Из драконьих пастей свисают веревочные лестницы и висячие мостки, по которым сноровисто пробираются колючие люди-пауки, гвардия Зорастро. Сам же верховный маг, судя по костюму, имеет прямое родство с жуком-скарабеем, его голову венчают жучиные рога. Три дамы-куклы восседают верхом на фантасмагорических существах - то ли скорпионах, то ли птеродактилях; плюмажи из пышных перьев украшают узкие птичьи головки с устрашающими клювами и скорпионьи хвосты. Стихии встречаются, сталкиваются в спектакле, закручиваясь огненными спиралями, взрываясь дымовыми шашками, осыпая героев огненными искрами. Световая феерия выхватывает из темноты то взбаламученную дождем воду, то косые струи дождя.

Возможно, ради троекратного прощания спектакль и не стали переносить в зал. Хотя, честно говоря, в девять вечера (спектакли на Озерной сцене начинаются с наступлением темноты) ничто не предвещало такого ливня с порывами ветра. Тихо, почти незаметно моросил дождик, обещая вот-вот закончиться. Но уже на двадцатой минуте спектакля, который шел без перерыва в общей сложности 2 часа 20 минут, погода резко испортилась. Озерная гладь покрылась крапинками капель, костюмы певцов намокли и прилипли к телам. И все же уверенный, тембристый тенор принца Тамино выдержал испытание водой: Райнер Трост отлично вел партию, лишь в самом конце его голос слегка засбоил. Героически держалась и Памина - Анна-Нина Барман. В белом платьице и трогательных красных туфельках она резво бегала по панцирю и проделывала все полагающиеся по роли па, одновременно умудряясь вполне мило и непринужденно петь. Трем дамам и трем мальчикам мокнуть не пришлось - вместо них в спектакле задействованы огромные куклы, так что эти шестеро пели в комфорте, в недрах Фестшпильхауса, выйдя только на поклоны. Дорогостоящая акустическая система Озерной сцены - так называемая BOA (Bregenz Opern Aucustics Klangsystem) - доносила их голоса во всем разнообразии оттенков и фразировки.
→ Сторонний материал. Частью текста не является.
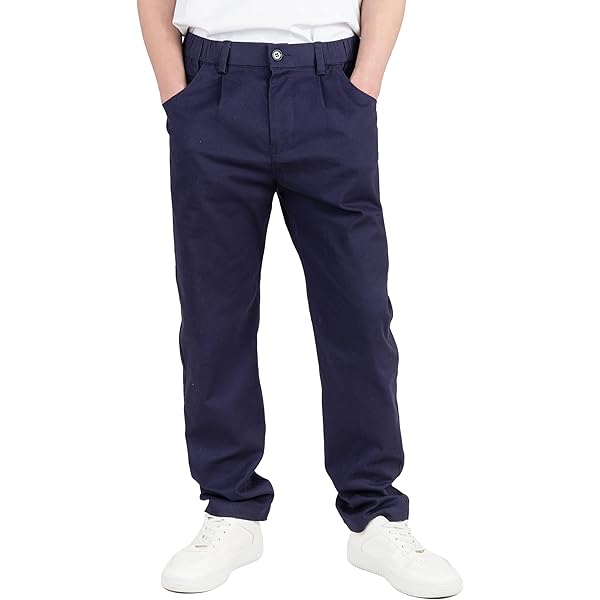 s.Oliver Broek Pete, 9999, 146 cm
Публика мужественно продержалась до конца и была вознаграждена небывалым зрелищем в качестве бонуса. На поклоны на зеленую сцену-панцирь взошли не только исполнители и дирижер Хартмут Киль (которого во время спектакля можно было лицезреть лишь на двух больших экранах). Вышел сам Паунтни собственной персоной, весь в золотом; золотой френч, золотые негнущиеся брюки, даже ермолка была золотая.
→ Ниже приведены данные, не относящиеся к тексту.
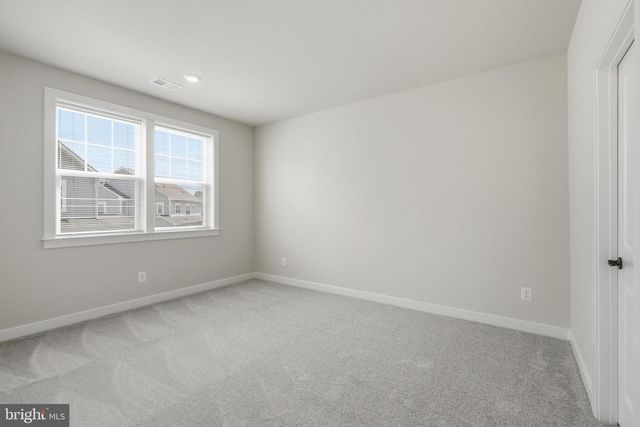 43020 CATTAIL MARSH PL, Leesburg, VA 20175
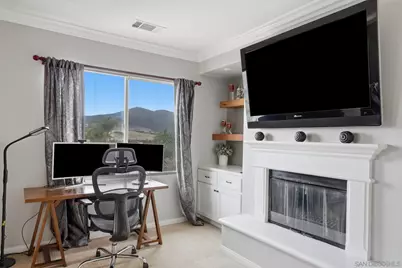  9767 Deer Trail Dr, San Diego, CA 92127 - Photo 43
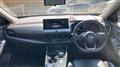 2024 Nissan X-Trail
Большинству было невдомек, кто этот человек с седыми бакенбардами, что улыбается и кланяется; публика продолжала оставаться в неведении, даже когда в центр выплыл плот с десятком человек - видимо, осветители, операторы, рабочие сцены. На двух шестах они споро растянули обыкновенную простыню, на которой красной кистью, явно второпях, было намалевано: «Danke, David, fuer 25 Jahre!» («Спасибо, Дэвид, за 25 лет!»). Почему за 25, а не за 11 лет - осталось загадкой.
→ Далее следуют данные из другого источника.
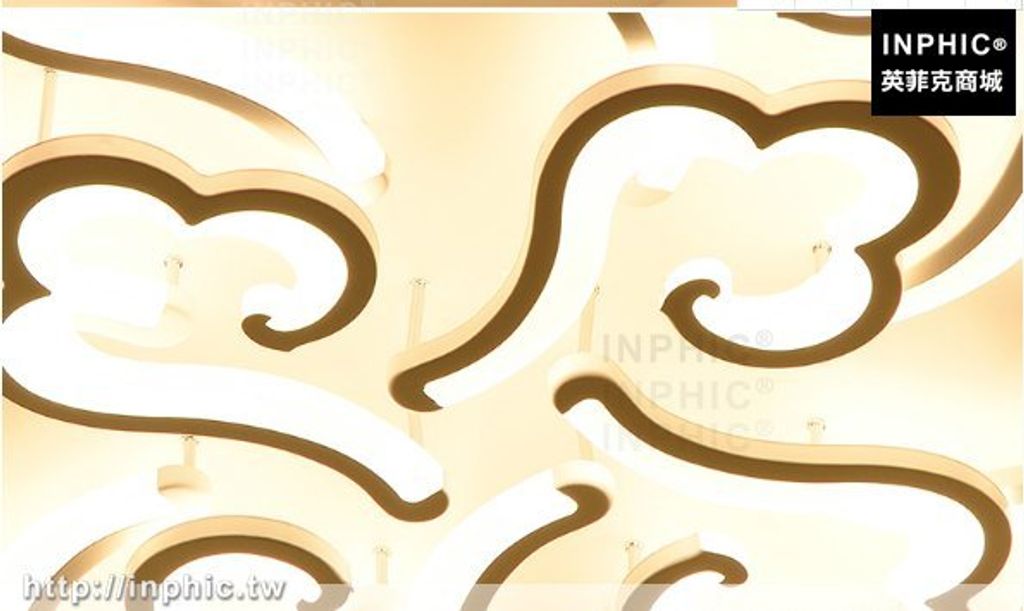 7501bc9d-49e8-4390-b962-11ceffeaf65e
Это был явный экспромт. Паунтни даже не сразу заметил приветственную надпись. Он смотрел в другую сторону: невзирая на хлеставший дождь, струи которого причудливо высвечивались в снопах света, начался фейерверк. Роскошные букеты звезд расцветали над Боденским озером; ближе и ближе придвигались они и наконец рассыпались десятками розовых сердечек. Так фестиваль признавался в любви к уходящему интенданту, время правления которого уже сейчас называют «эрой Паунтни».